_MATERIAL PROVIDED_
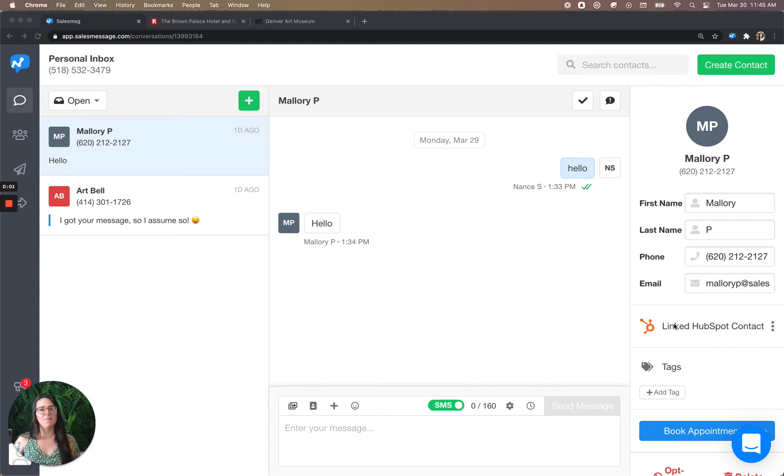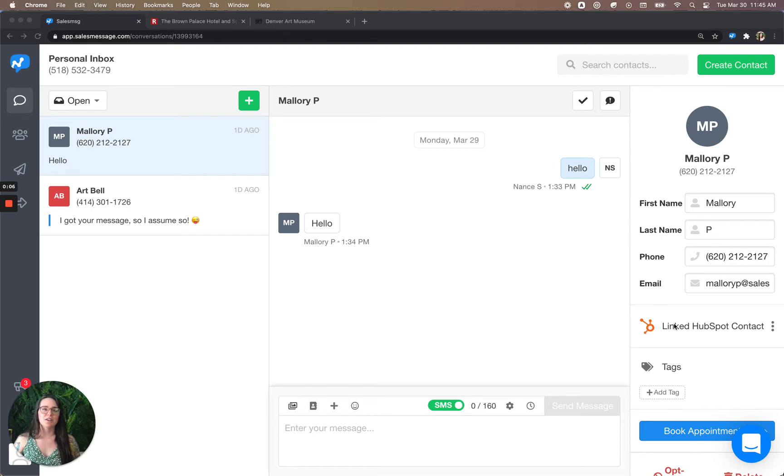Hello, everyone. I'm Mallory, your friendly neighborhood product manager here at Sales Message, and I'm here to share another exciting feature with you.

---

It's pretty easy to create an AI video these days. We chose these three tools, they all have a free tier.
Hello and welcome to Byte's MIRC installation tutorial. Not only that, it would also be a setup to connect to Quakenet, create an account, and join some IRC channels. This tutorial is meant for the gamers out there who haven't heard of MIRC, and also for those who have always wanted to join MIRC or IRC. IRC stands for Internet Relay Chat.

--

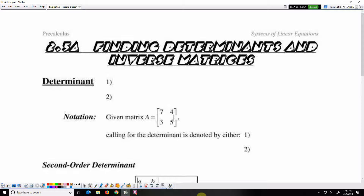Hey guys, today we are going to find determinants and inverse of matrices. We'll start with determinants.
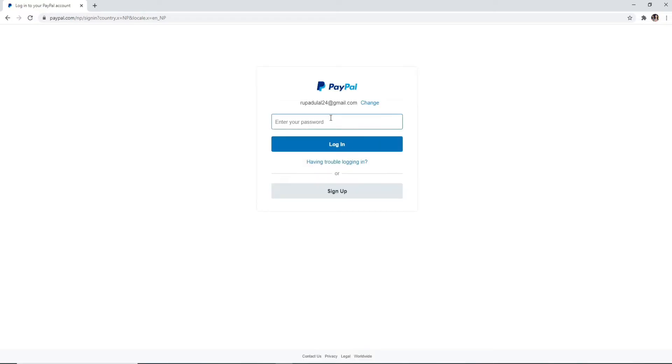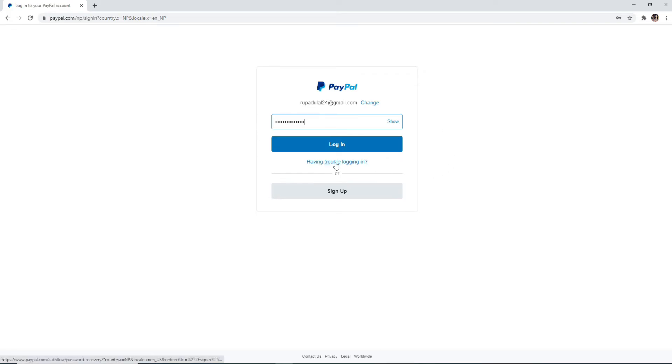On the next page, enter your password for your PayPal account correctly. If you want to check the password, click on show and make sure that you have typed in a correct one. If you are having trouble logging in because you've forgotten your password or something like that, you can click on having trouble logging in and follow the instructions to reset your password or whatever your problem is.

_EXERCISE DESCRIPTION_
All lines that contain the word "create" must be copied from the records above.

_ANSWER BOX_
It's pretty easy to create an AI video these days. We chose these three tools, they all have a free tier.
Hello and welcome to Byte's MIRC installation tutorial. Not only that, it would also be a setup to connect to Quakenet, create an account, and join some IRC channels. This tutorial is meant for the gamers out there who haven't heard of MIRC, and also for those who have always wanted to join MIRC or IRC. IRC stands for Internet Relay Chat.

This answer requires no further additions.